Archie can’t look at her. He glances away—at the one-way glass Henry waits behind—but sees only the two of them reflected back at him.
The thick metal door closes behind Archie and locks. It’s an electronic lock, controlled by a set of buzzers near the door and a master board in the adjacent observation room. Two guards stand armed in the hallway outside. But inside, in that room, it’s just the two of them. Those were her terms.
“I’ve missed you, darling,” she says.
The smell of the room reminds Archie of the basement she kept him in, concrete and cleaning solvents. “What do you miss exactly?” he asks, his voice still hoarse from the poison she’d fed him. “The smell of my blood?”
She folds her hands on the table. “I’ve hurt your feelings,” she says.
Archie looks at her, flustered. He has no idea how to respond. “You fed me drain cleaner and cut out my spleen,” he says.
Her look of concern seems unsettlingly genuine. “How are the scars healing?” she asks.
She was still beautiful. Even in these surroundings, in the shapeless prison garb, no makeup, his body still responds to her. He hates himself for it.
“You’re high,” she says.
“I’m on painkillers,” he says. She had fed him pills in the basement, rewarding him with them when he’d choke down the drain cleaner, dropping them down his throat when he could no longer sit up to swallow them.
He doesn’t take them for the pain anymore.
She lifts her cuffed hands and gestures to the chair across the table from her. “Do you want to sit down?”
His broken ribs are still healing, making sitting difficult. The cotton of his shirt chafes his raw scars. The heart-shaped scar on his chest still bleeds sometimes. “I think I’ll stand,” he says.
She nods in understanding. “Of course,” she says.
It’s warm in there, and Archie pulls at the collar of his shirt. He is there for the victims. This is what he’s told himself, what he’s told Henry, Debbie. No one expected him to give in to her crazy demands to meet with him. She’d nearly killed him. But he’s dragged himself there to help with the identification project, for the victims.
The victims.
It wasn’t the whole truth.
It has been two months since her arrest, and he’s gotten tired of waiting for the other shoe to drop. She hasn’t told anyone about
their relationship. He is prepared to deny it. He can explain the time they had spent together in the context of the case. But wondering why she has remained quiet is killing him.
“What do you want from me?” he asks Gretchen.
“You’ve read the plea agreement,” she says. “I’m going to confess. I’m going to tell you everything, every person I murdered. You can close all the cases.”
“Just like that.”
“You’ll earn it,” she says, and Archie feels the promise of that statement heavy in the room.
“Why did you do it?” he asks her. He doesn’t mean the murders. He means the affair.

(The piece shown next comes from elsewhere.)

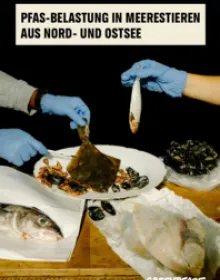 PFAS-Belastung in Meerestieren
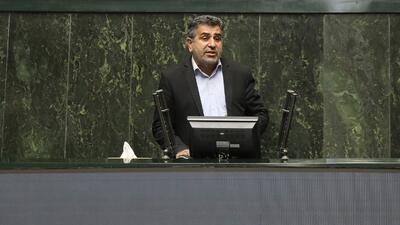 بابایی کارنامی: کاغذ و چوب مازندران به دلیل به توجهی دولت و عدم نقدینگی تولید ندارند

“For fun,” she says. But he’s not sure which question she’s answering.
He leans back against the door, feeling weak.
“Sit down,” she says again. “Please.”
He does this time, making his way to the table and lowering himself painfully onto the chair.
“Don’t be sad,” she says. “You caught me. You’re a hero. You got exactly what you wanted.”

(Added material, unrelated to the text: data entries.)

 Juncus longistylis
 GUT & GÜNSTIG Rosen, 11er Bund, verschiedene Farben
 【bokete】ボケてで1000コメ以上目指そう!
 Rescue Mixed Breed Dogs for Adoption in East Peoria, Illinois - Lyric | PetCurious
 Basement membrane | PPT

A hero. He’s been manipulated from the start. Amativeness. He wonders if it is even a real thing.
“Name a case you want to close, a case that’s important to you.”
Archie rolls his head back and looks at the ceiling. His scalp tingles from the Vicodin. He just wants to go home. To beg for forgiveness. It’s all right, she had said when he was dying in her arms. And he’d believed her. He lifts his head and glances over at the one-way glass. Something good might as well come out of all this.
“Isabel Reynolds,” he says.
Something changes in Gretchen’s face—a tiny lift of her eyebrows, a minuscule furrow between them. Her mouth tightens almost imperceptibly.
“She’s special,” Gretchen says. “She will be a prize. I’ll tell you about her, darling. When you’re ready.”